Lloyds Banking Group is to axe 3,000 jobs and close a further 200 branches in a bid to cut costs in anticipation of a cut in interest rates.
The bank is blaming a fall in the use of branches by customers and anticipated cuts to interest rates following the vote for Brexit last month for the decision to cut jobs.
The bank had already earmarked 200 branches for closure by 2017 in plans made three years ago so the latest announcement means that 400 will be shut by the end of next year.
Mark Carney, the Bank of England governor, signalled a rate cut would take place during the summer and the City now expects rates will be cut from their 0.5% historic low on August 4.

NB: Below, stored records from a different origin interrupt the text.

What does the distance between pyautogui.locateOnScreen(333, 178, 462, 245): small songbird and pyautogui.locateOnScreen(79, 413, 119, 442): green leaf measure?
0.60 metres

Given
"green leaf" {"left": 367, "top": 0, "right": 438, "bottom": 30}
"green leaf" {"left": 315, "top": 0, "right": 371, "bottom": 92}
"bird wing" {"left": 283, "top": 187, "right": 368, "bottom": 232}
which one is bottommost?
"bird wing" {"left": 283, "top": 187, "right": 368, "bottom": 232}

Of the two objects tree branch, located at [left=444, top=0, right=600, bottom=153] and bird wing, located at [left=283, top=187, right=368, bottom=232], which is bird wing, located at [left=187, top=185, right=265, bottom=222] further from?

“Following the EU referendum the outlook for the UK economy is uncertain and, while the precise impact is dependent upon a number of factors including EU negotiations and political and economic events, a deceleration of growth seems likely,” said Lloyds chief executive António Horta-Osório
“The UK, however, enters this period of uncertainty from a position of strength, following continued private sector deleveraging, significantly improved mortgage affordability and low levels of unemployment.”

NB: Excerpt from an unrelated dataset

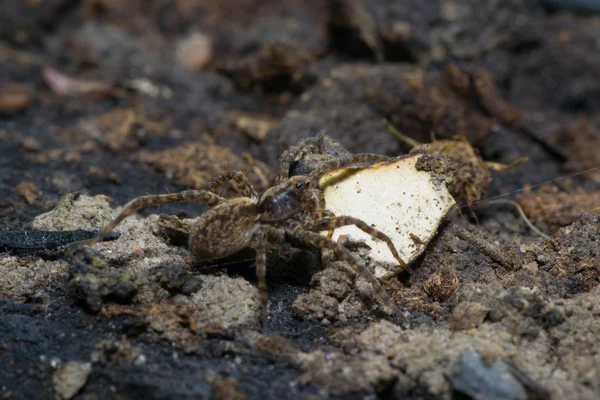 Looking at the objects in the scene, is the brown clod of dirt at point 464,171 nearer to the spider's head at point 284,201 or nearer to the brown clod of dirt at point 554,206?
the brown clod of dirt at point 554,206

Ged Nichols, general secretary of the Accord union, which represents 22,000 staff who joined Lloyds from Halifax, said he was seeking urgent talks with the bank.

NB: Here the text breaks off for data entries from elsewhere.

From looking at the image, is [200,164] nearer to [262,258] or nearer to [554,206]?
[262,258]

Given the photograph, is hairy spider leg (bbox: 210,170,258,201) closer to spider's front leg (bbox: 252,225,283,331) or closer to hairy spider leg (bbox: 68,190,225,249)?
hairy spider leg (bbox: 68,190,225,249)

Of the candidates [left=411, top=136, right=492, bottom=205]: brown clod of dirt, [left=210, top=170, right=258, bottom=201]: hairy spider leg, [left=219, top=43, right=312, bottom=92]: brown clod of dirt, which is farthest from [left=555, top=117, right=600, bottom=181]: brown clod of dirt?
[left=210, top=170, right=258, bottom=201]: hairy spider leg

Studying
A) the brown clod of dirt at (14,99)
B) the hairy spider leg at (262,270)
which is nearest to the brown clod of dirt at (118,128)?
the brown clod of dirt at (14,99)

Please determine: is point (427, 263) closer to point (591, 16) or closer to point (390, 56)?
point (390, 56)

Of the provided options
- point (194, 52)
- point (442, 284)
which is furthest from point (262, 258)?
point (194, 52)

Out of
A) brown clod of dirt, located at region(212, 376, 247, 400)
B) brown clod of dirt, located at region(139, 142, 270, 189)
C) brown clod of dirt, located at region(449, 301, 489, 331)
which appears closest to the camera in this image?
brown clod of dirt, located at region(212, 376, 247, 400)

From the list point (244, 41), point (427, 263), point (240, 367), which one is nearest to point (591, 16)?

He said: “The loyal, dedicated and customer-focused employees in the Lloyds BankingGroup are still reeling from recent job losses.
“They will be bewildered by today’s news and wonder what has happened that is so catastrophic that these further job cuts and branch closures are necessary. Interest rates might be lower for longer but why are job losses higher and faster? Where will the axe fall next?”